Tuesday, February 12, 2008

Failover Testing

-->Failover is a backup operation that automatically switches to a standby database, server or network if the primary system fails or is temporarily shut down for servicing.

--> It is an important fault tolerance function of mission-critical systems that rely on constant accessibility. Failover automatically and transparently to the user redirects requests from the failed or down system to the backup system that mimics the operations of the primary system.

Typically used interchangeably with 'recovery testing',it is testing how well a system recovers from crashes, hardware failures, or other catastrophic problems.

Following is a brief description which I had collected from online docs available.Hope this will give an insight on the topic.

Objectives of Failover Testing.

The idea behind a failover system is that if the primary component fails, the secondary system should automatically engage.

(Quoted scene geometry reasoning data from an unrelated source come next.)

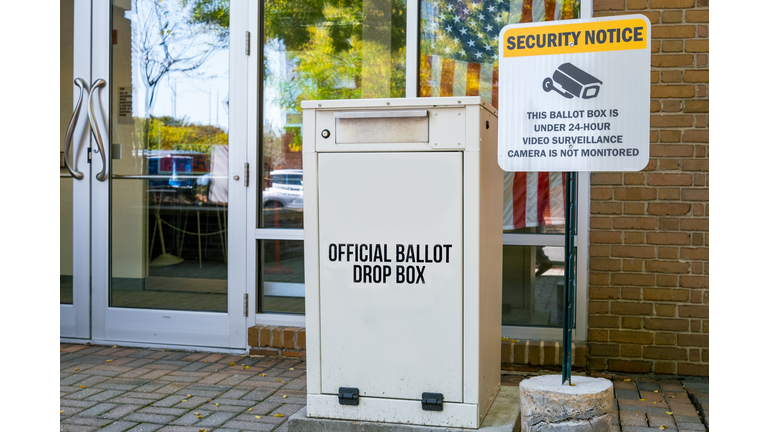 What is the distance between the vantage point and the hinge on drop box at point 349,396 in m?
2.89

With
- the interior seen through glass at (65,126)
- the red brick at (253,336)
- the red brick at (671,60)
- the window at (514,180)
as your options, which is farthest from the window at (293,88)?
the red brick at (671,60)

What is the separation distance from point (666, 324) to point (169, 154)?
3469mm

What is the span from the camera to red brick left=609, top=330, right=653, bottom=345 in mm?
4094

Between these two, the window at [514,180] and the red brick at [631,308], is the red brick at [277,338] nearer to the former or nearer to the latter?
the window at [514,180]

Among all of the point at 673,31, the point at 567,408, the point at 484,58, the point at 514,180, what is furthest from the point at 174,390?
the point at 673,31

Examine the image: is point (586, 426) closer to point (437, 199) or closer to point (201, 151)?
point (437, 199)

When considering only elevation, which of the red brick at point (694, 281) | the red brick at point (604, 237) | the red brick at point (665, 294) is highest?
the red brick at point (604, 237)

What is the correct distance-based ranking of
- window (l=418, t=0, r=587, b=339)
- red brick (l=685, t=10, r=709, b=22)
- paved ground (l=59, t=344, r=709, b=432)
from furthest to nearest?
window (l=418, t=0, r=587, b=339)
red brick (l=685, t=10, r=709, b=22)
paved ground (l=59, t=344, r=709, b=432)

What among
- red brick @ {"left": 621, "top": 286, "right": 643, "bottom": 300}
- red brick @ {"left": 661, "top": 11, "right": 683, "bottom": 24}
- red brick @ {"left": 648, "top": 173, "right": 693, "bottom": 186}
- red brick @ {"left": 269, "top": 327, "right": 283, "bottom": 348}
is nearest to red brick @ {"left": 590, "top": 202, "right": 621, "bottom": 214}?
red brick @ {"left": 648, "top": 173, "right": 693, "bottom": 186}

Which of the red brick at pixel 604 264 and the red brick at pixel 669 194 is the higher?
the red brick at pixel 669 194

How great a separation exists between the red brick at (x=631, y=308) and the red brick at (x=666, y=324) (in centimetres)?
5

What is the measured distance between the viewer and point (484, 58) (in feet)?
14.4

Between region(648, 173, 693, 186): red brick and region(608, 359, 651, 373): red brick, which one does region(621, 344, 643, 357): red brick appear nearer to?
region(608, 359, 651, 373): red brick

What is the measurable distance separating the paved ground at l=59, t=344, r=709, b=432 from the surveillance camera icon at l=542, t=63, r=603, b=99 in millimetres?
1629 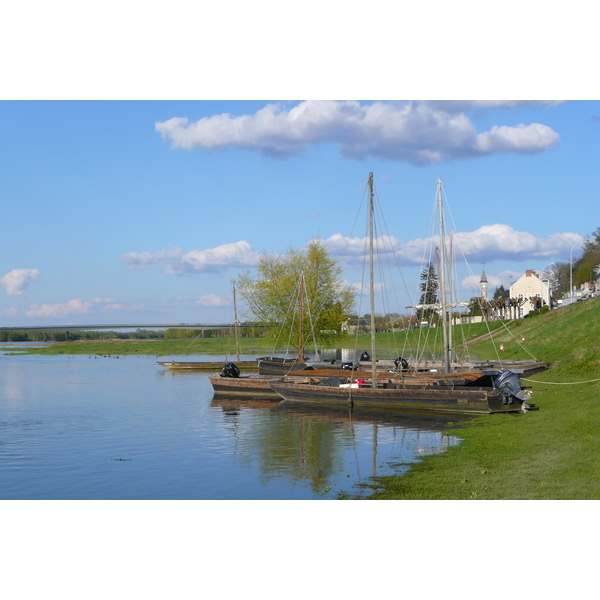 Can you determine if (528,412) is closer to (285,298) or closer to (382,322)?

Theoretically, this means you should be able to just pull the plug on the primary system and watch the secondary system instantly take over (Don't Do That!).

-->The primary objective of Failover testing is to test system recovery measures in place for a production architecture.

-->Failover testing provides technology specialists a realistic benchmark of how a mission critical component will respond when failure occurs on the network.

When to do Failover Testing.

-->Failover testing is done prior to any performance specific testing on an environment that mimics production.

-->Failover testing will ensure that the hardware and software components will react accordingly when a failure occurs.


[Fail-Back Testing - Fail-back testing should also be employed to verify that when a component is back functioning correctly, that it is available to take load again and sustain the influx of activity when it joins the infrastructure again.]


Example:


In a web environment, failover testing determines what will happen if multiple web servers are being used under peak anticipated load, and one of them dies.






This is just one of many failover configurations. Some failover configurations can be quite complex, especially when there are redundant sites as well as redundant equipment and communications lines. In this type of configuration, when one of the application servers goes down, then the two web servers that were configured to communicate with the failed application server can not take load from the load balancer, and all of the load must be passed to the remaining two web servers.





When such a failover event occurs, the web servers are under substantial stress, as they need to quickly accommodate the failed over load, which probably will result in doubling the number of HTTP connections as well as application server connections in a very short amount of time. The remaining application server will also be subjected to severe increase in load and the overheads associated with catering for the increased load.It is crucial to the design of any meaningful failover testing that the failover design is understood, so that the implications of a failover event, while under load can, be scrutinized.
Hope this is helpful!!!

1 comment:

qa.aashish said...

the same happened when i performed the load testing on EP2 project.
the number of HTTP connections were increased that time and technical person had wrongly connected the DB( somewhat she made it incorrect I do not remember the exact)...so all in went to less number of available HTTP connections and load testing which I had been doing resulted in increased number of HTTP connections......that time all were really frightened about the performance of web app…It’s a really good and systematic article. You have put all the things systematically. That’s Good… thanks a lot Gargi.